[Start of section]
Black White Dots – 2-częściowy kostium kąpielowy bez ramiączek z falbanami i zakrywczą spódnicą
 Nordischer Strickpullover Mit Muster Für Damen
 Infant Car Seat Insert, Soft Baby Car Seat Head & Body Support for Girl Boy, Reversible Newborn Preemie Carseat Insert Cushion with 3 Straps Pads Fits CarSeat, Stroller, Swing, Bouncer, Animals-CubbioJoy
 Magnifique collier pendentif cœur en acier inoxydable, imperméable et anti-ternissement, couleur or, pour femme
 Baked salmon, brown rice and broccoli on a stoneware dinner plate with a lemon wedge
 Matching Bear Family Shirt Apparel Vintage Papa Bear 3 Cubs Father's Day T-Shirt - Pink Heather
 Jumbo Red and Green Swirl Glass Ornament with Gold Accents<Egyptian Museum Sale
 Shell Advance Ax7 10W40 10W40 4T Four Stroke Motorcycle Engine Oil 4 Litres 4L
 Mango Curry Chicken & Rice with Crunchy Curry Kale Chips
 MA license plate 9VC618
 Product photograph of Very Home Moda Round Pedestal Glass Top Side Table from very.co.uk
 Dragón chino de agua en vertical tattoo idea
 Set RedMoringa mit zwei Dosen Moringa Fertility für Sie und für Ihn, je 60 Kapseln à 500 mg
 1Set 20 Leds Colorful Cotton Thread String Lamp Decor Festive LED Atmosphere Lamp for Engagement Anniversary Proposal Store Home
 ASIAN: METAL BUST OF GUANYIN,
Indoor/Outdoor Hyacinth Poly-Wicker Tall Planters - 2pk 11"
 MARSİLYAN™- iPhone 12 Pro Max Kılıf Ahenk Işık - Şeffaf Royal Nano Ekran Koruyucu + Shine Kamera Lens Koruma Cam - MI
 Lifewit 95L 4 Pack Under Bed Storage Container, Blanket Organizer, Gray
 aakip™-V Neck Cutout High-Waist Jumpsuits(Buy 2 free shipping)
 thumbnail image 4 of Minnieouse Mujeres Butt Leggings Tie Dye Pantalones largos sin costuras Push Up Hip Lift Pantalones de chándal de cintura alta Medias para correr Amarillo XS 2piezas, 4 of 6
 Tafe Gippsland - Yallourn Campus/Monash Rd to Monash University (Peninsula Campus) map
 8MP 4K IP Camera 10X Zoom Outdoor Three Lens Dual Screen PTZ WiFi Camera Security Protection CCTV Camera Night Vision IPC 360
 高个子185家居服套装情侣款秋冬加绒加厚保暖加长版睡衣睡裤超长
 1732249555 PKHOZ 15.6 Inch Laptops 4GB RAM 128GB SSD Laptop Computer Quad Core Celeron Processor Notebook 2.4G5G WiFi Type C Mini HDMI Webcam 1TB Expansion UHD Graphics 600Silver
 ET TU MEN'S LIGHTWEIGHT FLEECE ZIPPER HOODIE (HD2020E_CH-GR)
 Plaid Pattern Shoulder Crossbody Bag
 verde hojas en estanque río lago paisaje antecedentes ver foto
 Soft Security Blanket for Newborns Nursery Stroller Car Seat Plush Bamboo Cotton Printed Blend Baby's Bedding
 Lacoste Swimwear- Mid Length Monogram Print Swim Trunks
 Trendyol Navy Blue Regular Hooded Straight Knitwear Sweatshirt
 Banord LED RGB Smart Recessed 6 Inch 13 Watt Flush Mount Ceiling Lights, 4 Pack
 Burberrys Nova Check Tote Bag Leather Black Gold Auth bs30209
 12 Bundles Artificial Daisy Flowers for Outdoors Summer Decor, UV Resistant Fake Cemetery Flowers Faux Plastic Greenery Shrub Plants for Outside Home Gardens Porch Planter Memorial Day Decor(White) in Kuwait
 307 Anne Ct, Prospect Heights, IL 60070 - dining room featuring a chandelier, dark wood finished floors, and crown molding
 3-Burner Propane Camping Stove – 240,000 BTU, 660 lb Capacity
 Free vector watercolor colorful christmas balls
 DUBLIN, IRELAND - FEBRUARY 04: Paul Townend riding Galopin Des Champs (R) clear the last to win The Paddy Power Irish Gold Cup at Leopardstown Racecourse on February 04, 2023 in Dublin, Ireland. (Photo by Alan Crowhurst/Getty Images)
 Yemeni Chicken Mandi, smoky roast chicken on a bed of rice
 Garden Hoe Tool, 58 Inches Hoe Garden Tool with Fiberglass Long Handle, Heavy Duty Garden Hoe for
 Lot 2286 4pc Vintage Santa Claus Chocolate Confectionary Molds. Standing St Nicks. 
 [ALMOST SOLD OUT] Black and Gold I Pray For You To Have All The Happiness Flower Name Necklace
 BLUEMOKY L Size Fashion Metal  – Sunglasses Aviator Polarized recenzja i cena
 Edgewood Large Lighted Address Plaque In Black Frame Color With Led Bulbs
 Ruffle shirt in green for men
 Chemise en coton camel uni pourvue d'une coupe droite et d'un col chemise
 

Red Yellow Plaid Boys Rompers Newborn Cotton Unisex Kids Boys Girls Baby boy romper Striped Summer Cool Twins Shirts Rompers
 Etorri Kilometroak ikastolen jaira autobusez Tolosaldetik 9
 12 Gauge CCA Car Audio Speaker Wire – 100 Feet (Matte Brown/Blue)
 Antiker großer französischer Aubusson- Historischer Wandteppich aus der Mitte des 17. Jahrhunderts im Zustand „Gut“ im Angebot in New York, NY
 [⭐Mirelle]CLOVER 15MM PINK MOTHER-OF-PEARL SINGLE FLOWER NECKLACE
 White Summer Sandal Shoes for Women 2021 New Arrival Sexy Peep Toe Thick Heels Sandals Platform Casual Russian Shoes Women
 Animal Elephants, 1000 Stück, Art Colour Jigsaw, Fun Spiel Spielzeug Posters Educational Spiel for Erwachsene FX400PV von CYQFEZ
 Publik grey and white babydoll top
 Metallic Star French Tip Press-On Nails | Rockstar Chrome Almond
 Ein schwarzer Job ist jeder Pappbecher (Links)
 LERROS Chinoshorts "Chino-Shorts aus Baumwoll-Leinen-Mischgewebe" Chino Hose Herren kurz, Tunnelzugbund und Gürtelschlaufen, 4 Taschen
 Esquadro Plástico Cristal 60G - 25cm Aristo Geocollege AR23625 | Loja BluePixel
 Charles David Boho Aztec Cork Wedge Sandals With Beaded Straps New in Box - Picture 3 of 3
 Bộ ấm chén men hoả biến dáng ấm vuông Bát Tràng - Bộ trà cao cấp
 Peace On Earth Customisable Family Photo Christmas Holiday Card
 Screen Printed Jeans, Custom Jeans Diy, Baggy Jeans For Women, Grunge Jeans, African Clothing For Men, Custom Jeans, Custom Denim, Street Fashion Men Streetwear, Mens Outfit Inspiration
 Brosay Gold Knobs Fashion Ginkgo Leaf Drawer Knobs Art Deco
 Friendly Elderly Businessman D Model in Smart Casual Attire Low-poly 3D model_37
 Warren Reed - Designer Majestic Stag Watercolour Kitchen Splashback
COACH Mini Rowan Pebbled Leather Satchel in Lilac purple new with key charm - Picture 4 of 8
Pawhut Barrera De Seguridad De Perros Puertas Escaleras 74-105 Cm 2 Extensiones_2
[End of section]
In full and without changes, copy the entries above.

= COMPLETED EXERCISE =
Black White Dots – 2-częściowy kostium kąpielowy bez ramiączek z falbanami i zakrywczą spódnicą
 Nordischer Strickpullover Mit Muster Für Damen
 Infant Car Seat Insert, Soft Baby Car Seat Head & Body Support for Girl Boy, Reversible Newborn Preemie Carseat Insert Cushion with 3 Straps Pads Fits CarSeat, Stroller, Swing, Bouncer, Animals-CubbioJoy
 Magnifique collier pendentif cœur en acier inoxydable, imperméable et anti-ternissement, couleur or, pour femme
 Baked salmon, brown rice and broccoli on a stoneware dinner plate with a lemon wedge
 Matching Bear Family Shirt Apparel Vintage Papa Bear 3 Cubs Father's Day T-Shirt - Pink Heather
 Jumbo Red and Green Swirl Glass Ornament with Gold Accents<Egyptian Museum Sale
 Shell Advance Ax7 10W40 10W40 4T Four Stroke Motorcycle Engine Oil 4 Litres 4L
 Mango Curry Chicken & Rice with Crunchy Curry Kale Chips
 MA license plate 9VC618
 Product photograph of Very Home Moda Round Pedestal Glass Top Side Table from very.co.uk
 Dragón chino de agua en vertical tattoo idea
 Set RedMoringa mit zwei Dosen Moringa Fertility für Sie und für Ihn, je 60 Kapseln à 500 mg
 1Set 20 Leds Colorful Cotton Thread String Lamp Decor Festive LED Atmosphere Lamp for Engagement Anniversary Proposal Store Home
 ASIAN: METAL BUST OF GUANYIN,
Indoor/Outdoor Hyacinth Poly-Wicker Tall Planters - 2pk 11"
 MARSİLYAN™- iPhone 12 Pro Max Kılıf Ahenk Işık - Şeffaf Royal Nano Ekran Koruyucu + Shine Kamera Lens Koruma Cam - MI
 Lifewit 95L 4 Pack Under Bed Storage Container, Blanket Organizer, Gray
 aakip™-V Neck Cutout High-Waist Jumpsuits(Buy 2 free shipping)
 thumbnail image 4 of Minnieouse Mujeres Butt Leggings Tie Dye Pantalones largos sin costuras Push Up Hip Lift Pantalones de chándal de cintura alta Medias para correr Amarillo XS 2piezas, 4 of 6
 Tafe Gippsland - Yallourn Campus/Monash Rd to Monash University (Peninsula Campus) map
 8MP 4K IP Camera 10X Zoom Outdoor Three Lens Dual Screen PTZ WiFi Camera Security Protection CCTV Camera Night Vision IPC 360
 高个子185家居服套装情侣款秋冬加绒加厚保暖加长版睡衣睡裤超长
 1732249555 PKHOZ 15.6 Inch Laptops 4GB RAM 128GB SSD Laptop Computer Quad Core Celeron Processor Notebook 2.4G5G WiFi Type C Mini HDMI Webcam 1TB Expansion UHD Graphics 600Silver
 ET TU MEN'S LIGHTWEIGHT FLEECE ZIPPER HOODIE (HD2020E_CH-GR)
 Plaid Pattern Shoulder Crossbody Bag
 verde hojas en estanque río lago paisaje antecedentes ver foto
 Soft Security Blanket for Newborns Nursery Stroller Car Seat Plush Bamboo Cotton Printed Blend Baby's Bedding
 Lacoste Swimwear- Mid Length Monogram Print Swim Trunks
 Trendyol Navy Blue Regular Hooded Straight Knitwear Sweatshirt
 Banord LED RGB Smart Recessed 6 Inch 13 Watt Flush Mount Ceiling Lights, 4 Pack
 Burberrys Nova Check Tote Bag Leather Black Gold Auth bs30209
 12 Bundles Artificial Daisy Flowers for Outdoors Summer Decor, UV Resistant Fake Cemetery Flowers Faux Plastic Greenery Shrub Plants for Outside Home Gardens Porch Planter Memorial Day Decor(White) in Kuwait
 307 Anne Ct, Prospect Heights, IL 60070 - dining room featuring a chandelier, dark wood finished floors, and crown molding
 3-Burner Propane Camping Stove – 240,000 BTU, 660 lb Capacity
 Free vector watercolor colorful christmas balls
 DUBLIN, IRELAND - FEBRUARY 04: Paul Townend riding Galopin Des Champs (R) clear the last to win The Paddy Power Irish Gold Cup at Leopardstown Racecourse on February 04, 2023 in Dublin, Ireland. (Photo by Alan Crowhurst/Getty Images)
 Yemeni Chicken Mandi, smoky roast chicken on a bed of rice
 Garden Hoe Tool, 58 Inches Hoe Garden Tool with Fiberglass Long Handle, Heavy Duty Garden Hoe for
 Lot 2286 4pc Vintage Santa Claus Chocolate Confectionary Molds. Standing St Nicks. 
 [ALMOST SOLD OUT] Black and Gold I Pray For You To Have All The Happiness Flower Name Necklace
 BLUEMOKY L Size Fashion Metal  – Sunglasses Aviator Polarized recenzja i cena
 Edgewood Large Lighted Address Plaque In Black Frame Color With Led Bulbs
 Ruffle shirt in green for men
 Chemise en coton camel uni pourvue d'une coupe droite et d'un col chemise
 

Red Yellow Plaid Boys Rompers Newborn Cotton Unisex Kids Boys Girls Baby boy romper Striped Summer Cool Twins Shirts Rompers
 Etorri Kilometroak ikastolen jaira autobusez Tolosaldetik 9
 12 Gauge CCA Car Audio Speaker Wire – 100 Feet (Matte Brown/Blue)
 Antiker großer französischer Aubusson- Historischer Wandteppich aus der Mitte des 17. Jahrhunderts im Zustand „Gut“ im Angebot in New York, NY
 [⭐Mirelle]CLOVER 15MM PINK MOTHER-OF-PEARL SINGLE FLOWER NECKLACE
 White Summer Sandal Shoes for Women 2021 New Arrival Sexy Peep Toe Thick Heels Sandals Platform Casual Russian Shoes Women
 Animal Elephants, 1000 Stück, Art Colour Jigsaw, Fun Spiel Spielzeug Posters Educational Spiel for Erwachsene FX400PV von CYQFEZ
 Publik grey and white babydoll top
 Metallic Star French Tip Press-On Nails | Rockstar Chrome Almond
 Ein schwarzer Job ist jeder Pappbecher (Links)
 LERROS Chinoshorts "Chino-Shorts aus Baumwoll-Leinen-Mischgewebe" Chino Hose Herren kurz, Tunnelzugbund und Gürtelschlaufen, 4 Taschen
 Esquadro Plástico Cristal 60G - 25cm Aristo Geocollege AR23625 | Loja BluePixel
 Charles David Boho Aztec Cork Wedge Sandals With Beaded Straps New in Box - Picture 3 of 3
 Bộ ấm chén men hoả biến dáng ấm vuông Bát Tràng - Bộ trà cao cấp
 Peace On Earth Customisable Family Photo Christmas Holiday Card
 Screen Printed Jeans, Custom Jeans Diy, Baggy Jeans For Women, Grunge Jeans, African Clothing For Men, Custom Jeans, Custom Denim, Street Fashion Men Streetwear, Mens Outfit Inspiration
 Brosay Gold Knobs Fashion Ginkgo Leaf Drawer Knobs Art Deco
 Friendly Elderly Businessman D Model in Smart Casual Attire Low-poly 3D model_37
 Warren Reed - Designer Majestic Stag Watercolour Kitchen Splashback
COACH Mini Rowan Pebbled Leather Satchel in Lilac purple new with key charm - Picture 4 of 8
Pawhut Barrera De Seguridad De Perros Puertas Escaleras 74-105 Cm 2 Extensiones_2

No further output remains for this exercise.